Say the light you want is say 5 x 60W bulbs it is a straight replacement for the existing fitting - 10A breaker would be ok for upto 2300W (at 230v)
 
Can soembody explain the wiring there aswell there are loads of wires that come out of the two fuse boxes and the tripper, and jinj so if i dont have any probs with the breaker will there be any issues with fuses or am i being stupid

thx rf for speedy reply aswell
 
All the wires feed different circuits around the house. You will probably find that there are more wires than fuses as a ring circuit (for sockets) will have two cables per fuse.

mo2 said:
so if i dont have any probs with the breaker will there be any issues with fuses

You do not actually have any fuses in you new consumer unit. Breaker is an abreviation of Minature Circuit Breaker (MCB), which are fitted as standard these days instead of fuses.
 
RF Lighting said:
All the wires feed different circuits around the house. You will probably find that there are more wires than fuses as a ring circuit (for sockets) will have two cables per fuse.

mo2 said:
so if i dont have any probs with the breaker will there be any issues with fuses

You do not actually have any fuses in you new consumer unit. Breaker is an abreviation of Minature Circuit Breaker (MCB), which are fitted as standard these days instead of fuses.
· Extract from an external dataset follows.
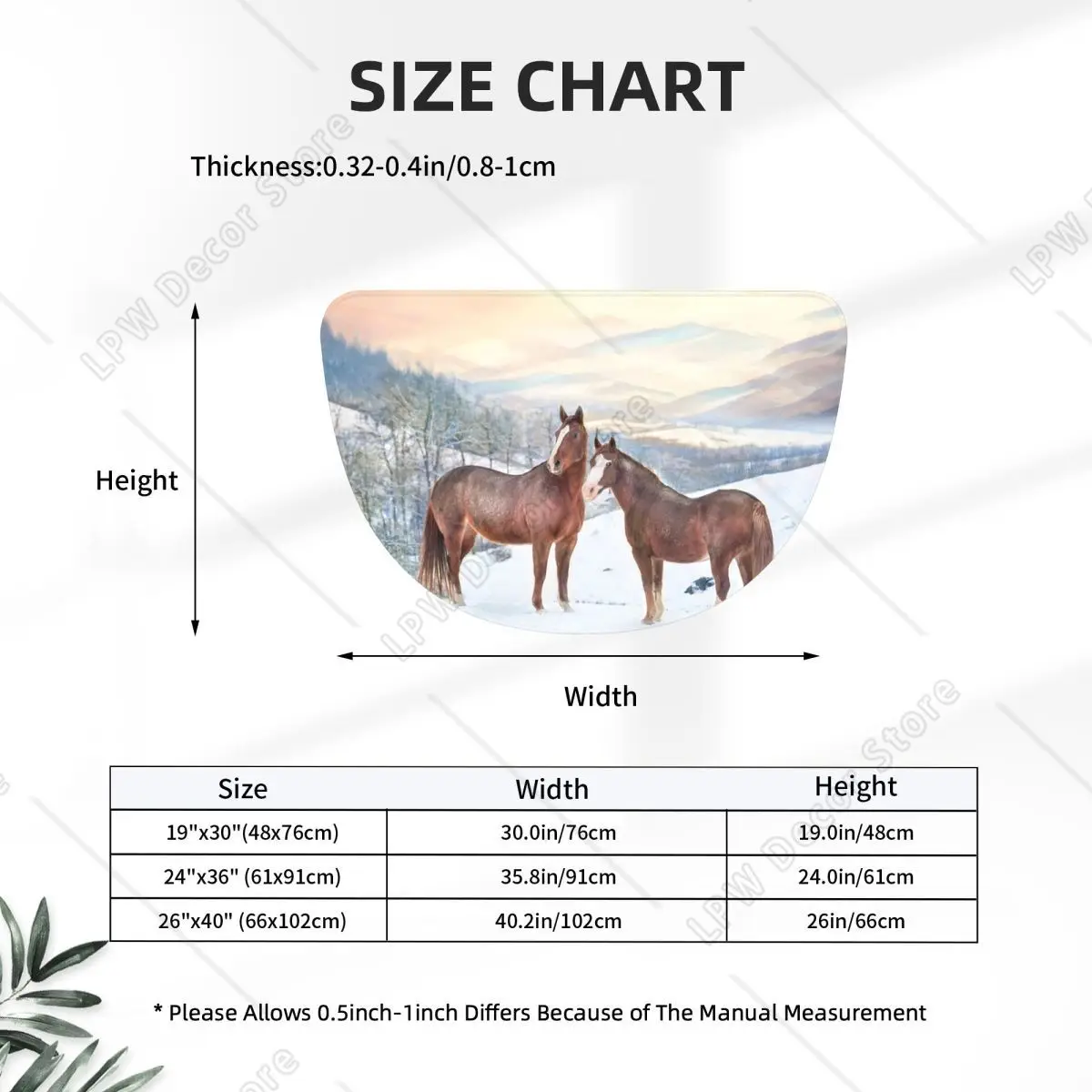 Horses With Snow And Sunset Hills Soft Flannel Half Round Doormat Non Slip Bathroom Mat Absorbent Floor Carpet for Garage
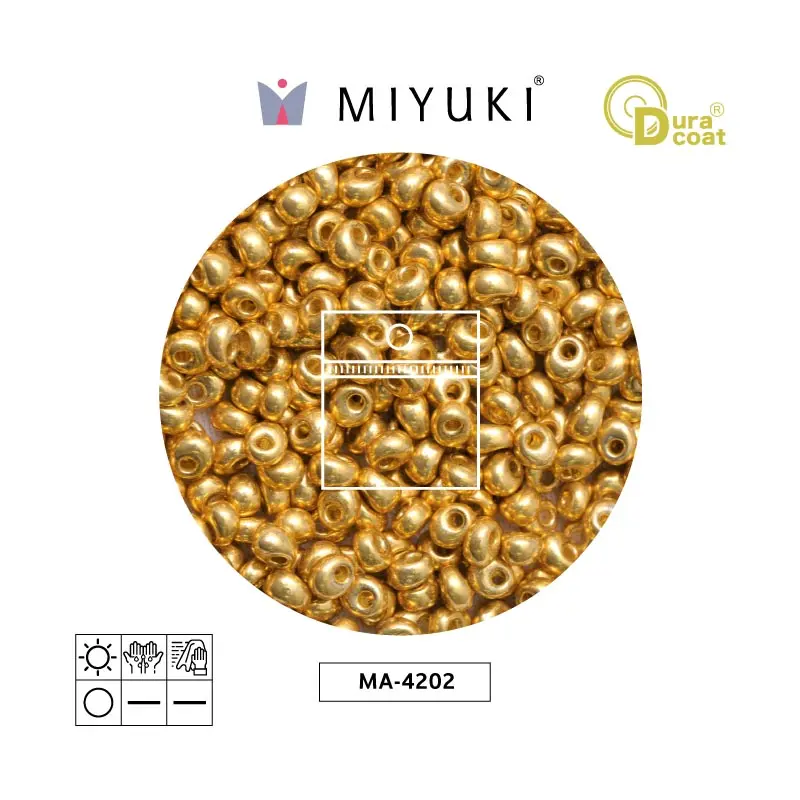 Miyuki magatama 4mm MA4202 galvanizado dorado Duracoat x 25g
Thank you for clearing that up for me, what are the red switches in the tripper for?
 
The two red switches are actually joined together and operate as one. This is a double pole isolator (your main switch) which will disconnect the power to everything connected to that particular consumer unit. It is the same as the main switch on your older fuse boxes (red switch on right hand side of top two fuse boxes). It is red so it can easily be identified in an emergency.